All this is by way of preamble to saying that Peter reached out to me about Actian’s new Vector Hadoop Edition when he blogged about it last June, and we finally talked this week. Highlights include:
- Vectorwise, while being proudly multi-core, was previously single-server. The new Vector Hadoop Edition is the first version with node parallelism.
- Actian’s Vector Hadoop edition uses HDFS (Hadoop Distributed File System) and YARN to manage an Actian-proprietary file format. There is currently no interoperability whereby Hadoop jobs can read these files. However …
- … Actian’s Vector Hadoop edition relies on Hadoop for cluster management, workload management and so on.

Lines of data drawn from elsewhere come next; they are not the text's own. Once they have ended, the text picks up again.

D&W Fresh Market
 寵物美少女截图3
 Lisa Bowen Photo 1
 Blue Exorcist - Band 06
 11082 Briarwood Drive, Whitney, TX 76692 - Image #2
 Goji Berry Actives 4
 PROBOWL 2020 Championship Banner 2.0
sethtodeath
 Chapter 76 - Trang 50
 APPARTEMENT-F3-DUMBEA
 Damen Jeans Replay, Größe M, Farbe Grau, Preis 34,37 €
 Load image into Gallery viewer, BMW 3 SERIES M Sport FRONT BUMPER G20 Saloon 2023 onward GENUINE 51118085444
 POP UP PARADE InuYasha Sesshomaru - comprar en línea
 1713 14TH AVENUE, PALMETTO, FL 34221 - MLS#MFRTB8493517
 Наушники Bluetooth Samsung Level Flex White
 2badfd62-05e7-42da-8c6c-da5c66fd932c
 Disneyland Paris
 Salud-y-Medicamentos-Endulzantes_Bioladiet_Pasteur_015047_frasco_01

- Peter thinks there are two paying customers, both too recent to be in production, who between then paid what I’d call a remarkable amount of money.*
- Roadmap futures* include:
- Being able to update and indeed trickle-update data. Peter is very proud of Vectorwise’s Positional Delta Tree updating.
- Some elasticity they’re proud of, both in terms of nodes (generally limited to the replication factor of 3) and cores (not so limited).
- Better interoperability with Hadoop.
Actian actually bundles Vector Hadoop Edition with DataFlow — the old Pervasive DataRush — into what it calls “Actian Analytics Platform – Hadoop SQL Edition”. DataFlow/DataRush has been working over Hadoop since the latter part of 2012, based on a visit with my then clients at Pervasive that December.
*Peter gave me details about revenue, pipeline, roadmap timetables etc. that I’m redacting in case Actian wouldn’t like them shared. I should say that the timetable for some — not all — of the roadmap items was quite near-term; however, pay no attention to any phrasing in Peter’s blog post that suggests the roadmap features are already shipping.
The Actian Vector Hadoop Edition optimizer and query-planning story goes something like this:
- Vectorwise started with the open-source Ingres optimizer. After a query is optimized, it is rewritten to reflect Vectorwise’s columnar architecture. Peter notes that these rewrites rarely change operator ordering; they just add column-specific optimizations, whatever that means.
- Now there are rewrites for parallelism as well.
- These rewrites all seem to be heuristic/rule-based rather than cost-based.
- Once Vectorwise became part of the Ingres company (later renamed to Actian), they had help from Ingres engineers, who helped them modify the base optimizer so that it wasn’t just the “stock” Ingres one.
As with most modern MPP (Massively Parallel Processing) analytic RDBMS, there doesn’t seem to be any concept of a head-node to which intermediate results need to be shipped. This is good, because head nodes in early MPP analytic RDBMS were dreadful bottlenecks.
Peter and I also talked a bit about SQL-oriented HDFS file formats, such as Parquet and ORC. He doesn’t like their lack of support for columnar compression. Further, in Parquet there seems to be a requirement to read the whole file, to an extent that interferes with Vectorwise’s form of data skipping, which it calls “min-max indexing”.
Frankly, I don’t think the architectural choice “uses Hadoop for workload management and administration” provides a lot of customer benefit in this case. Given that, I don’t know that the world needs another immature MPP analytic RDBMS. I also note with concern that Actian has two different MPP analytic RDBMS products. Still, Vectorwise and indeed all the stuff that comes out Martin Kersten and Peter’s group in Amsterdam has always been interesting technology. So the Actian Vector Hadoop Edition might be worth taking a look at before you redirect your attention to products with more convincing track records and futures.